On the journey which Bismarck took after the wedding with his young wife through Switzerland and Italy, he accidentally met his King Frederick William IV., at Venice. He was at once commanded to attend at the royal dinner-table, and his royal master conversed with him for a long time in a gracious manner, particularly concerning German politics, a conversation not, perhaps, without its influence on the subsequent and very sudden appointment of Bismarck to the post of Ambassador to the Federation; but it unquestionably laid the foundation for the favor with which King Frederick William IV. always regarded Bismarck. For the rest, he was so unprepared to meet his king and master at Venice, that he had not even had time to take with him a court suit, and was obliged to appear before his sovereign in borrowed clothes, which, considering his stature, must have fitted him very badly.
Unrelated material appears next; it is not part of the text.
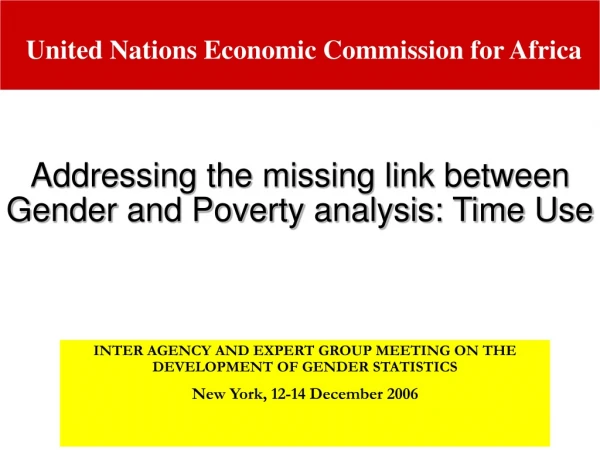 INTER AGENCY AND EXPERT GROUP MEETING ON THE DEVELOPMENT OF GENDER STATISTICS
Bismarck now set up his domestic hearth at the old stone mansion of Schönhausen. There, where his cradle once stood, in the following year stood that of his eldest child, his daughter Marie; and though his actual residence in Schönhausen only lasted a few years, he took with him his domestic happiness thence to Berlin, Frankfurt, and St. Petersburg. Nominally Schönhausen continued to be his residence until he became Minister-President; and though he now prefers to live on his Pomeranian estates to those in the Alt Mark, during his days of retirement, this does not occur from any want of affection for his old home, but from a feeling of delicacy towards his father-in-law, now a venerable man almost eighty years of age, but still fresh and hale, who lives in the vicinity of Varzin, and also because he finds in Pomerania three things for which he would seek in vain at Schönhausen. The forest is not at Schönhausen close round the house, as at Varzin, for at Schönhausen he has an hour’s ride to reach the wood, and the forest he loves as an old friend. The game about Schönhausen is also almost entirely destroyed, and the heavy wheat soil there is either flat and hard, or cloddy, and therefore little fitted for riding. Bismarck, as he ever was, remains a great horseman and a zealous sportsman.

The marriage of Bismarck has been blessed with three children—Mary Elizabeth Johanna, born the 21st August, 1848, at Schönhausen; Nicolas Ferdinand Herbert, born the 28th December, 1849, at Berlin; William Otto Albert, born the 1st August, 1852, at Frankfurt-on-the-Maine.

Amidst the severe battles of a time so rife in immeasurable contradictions, Bismarck commenced his family life in a simple but substantial manner, as befitting a nobleman of the Alt Mark or Pomerania; and so he has been able to maintain himself even at the elevation at which God the Almighty has placed him for the good of his native country. That he may ever maintain it is the aspiration of every patriot, for in him the fountain ever freshly runs, whence he draws continual renovation for the service of his King and country.